I guess as someone who would be responsible for their network's general well-being, I'd probably rather have some checked boxes saying nothing on my internal network was listening with trivially exploitable (i.e. non-patched or badly configured) services and my passwords are at least a certain complexity and not variations of the 1000 most common as of $SOMEDATE.
That said, it should be pretty easy to setup the usual suspects for scan tools to be performed in a scoped manner to satisfy the need for checked boxes after an operator spends some time getting up close and personal with the target system. Those type of attacks are going to reveal more information about user training (looking at Joe User with important\ passwords.docx in My\ Documents) than simple network scans are likely to.
I wonder what the qualifications are these days for a pen tester at a commerical company...
Most people are looking for someone to perform a cover-your-arse paperwork exercise. By paying someone to port-scan their network, they can say "we receive regular security audits".
The fact that they haven't done a proper penetration test is immaterial.
.. Tongue in cheek commentary aside, the title comes off more like the content would be on par with the grugq's presentation on Opsec for hackers (http://www.slideshare.net/grugq/opsec-for-hackers).
The argument to never modify anything only holds true for pentesting, for a slightly more nefarious attacker it's not unheard of to actually do some system maintenance & configuration fixing to close holes behind them to prevent other attackers from gaining access through the same entry point. Increasing the system stability has a tendency to make people look the other way, it's far less likely that someone would say "Hey, that server has been performing better, let's see if it's been compromised."
I disagree. Port scanning, even externally, can be messy and still raise flags. Most are done as a single nmap shotgun effect. It is better to obfuscate better than i've seen most do. (eg: I'ts better to do common normal port ranges (and smart variants), distributed network, over a long period time).

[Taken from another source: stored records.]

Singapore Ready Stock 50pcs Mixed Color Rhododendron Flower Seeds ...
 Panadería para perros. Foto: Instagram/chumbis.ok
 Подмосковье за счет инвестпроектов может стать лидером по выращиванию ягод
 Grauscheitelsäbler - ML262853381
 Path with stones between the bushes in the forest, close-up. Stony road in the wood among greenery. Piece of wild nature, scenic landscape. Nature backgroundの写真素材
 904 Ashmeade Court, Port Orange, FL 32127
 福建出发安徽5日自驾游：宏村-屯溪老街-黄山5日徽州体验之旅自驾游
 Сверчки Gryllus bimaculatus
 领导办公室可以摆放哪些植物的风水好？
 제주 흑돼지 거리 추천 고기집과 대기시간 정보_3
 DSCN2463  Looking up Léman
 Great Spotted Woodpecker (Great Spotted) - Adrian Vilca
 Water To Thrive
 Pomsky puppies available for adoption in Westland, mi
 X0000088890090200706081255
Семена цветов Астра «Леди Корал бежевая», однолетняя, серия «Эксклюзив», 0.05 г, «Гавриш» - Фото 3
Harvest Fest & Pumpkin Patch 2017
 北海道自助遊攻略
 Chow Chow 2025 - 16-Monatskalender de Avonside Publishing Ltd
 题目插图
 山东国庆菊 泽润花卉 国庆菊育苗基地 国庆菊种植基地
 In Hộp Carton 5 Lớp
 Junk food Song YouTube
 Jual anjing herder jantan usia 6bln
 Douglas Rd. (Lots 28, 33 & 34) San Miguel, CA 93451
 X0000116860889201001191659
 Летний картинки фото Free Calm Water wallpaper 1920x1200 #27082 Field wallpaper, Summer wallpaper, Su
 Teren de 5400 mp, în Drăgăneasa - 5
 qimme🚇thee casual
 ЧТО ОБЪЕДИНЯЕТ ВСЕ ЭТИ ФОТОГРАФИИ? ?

I think it's kind of messy, and firewalls definitely can flag it. And I think over the next year as things like Storm will be more tightly wrapped into log analysis and firewalls for real time processing. (Think smarter honey pots and smarter / real time customized pattern recognition).We have no way of knowing this. If a blackhat smashes your system to crap, you won't know what caused it. Maybe things just broke. I once permanently lost a machine to the ping of death (the hard reboot was the straw that broke the camel's back) and only knew about it because the entire dorm got hit by the ping of death. If I had been targeted it would have just been the machine dying on me. Which happens to me anyway. [1]
But if the whitehat scans your system at 4:52AM and your system breaks at 4:52AM, then you will know exactly what happened.
And knowing exactly what ports are open is information that is really valuable to a client. An external audit can find what insiders are too busy to pay attention to.
Yes. Appstack is totally the way to go if you're an app pen guy. Shocking.
Portscanning not too useful in a whitebox pen assessment, sure.
Don't do it at all because blackhats "don't do that"? Not really. Just make sure instrumentation and response exists for both of these cases.
Pen guys don't want to perform an assessment of the environment to gauge targets but instead just break out the same kit for each engage? Sounds fine if it works for them and leaves more things to discover to the next crew that wanders through.
Sounds like more "pentesting isn't compliance" drum beating, which is both good and bad.
This is a write up of attacking LANs from the inside, privilege elevation stuff. Only relevant for large networks obviously.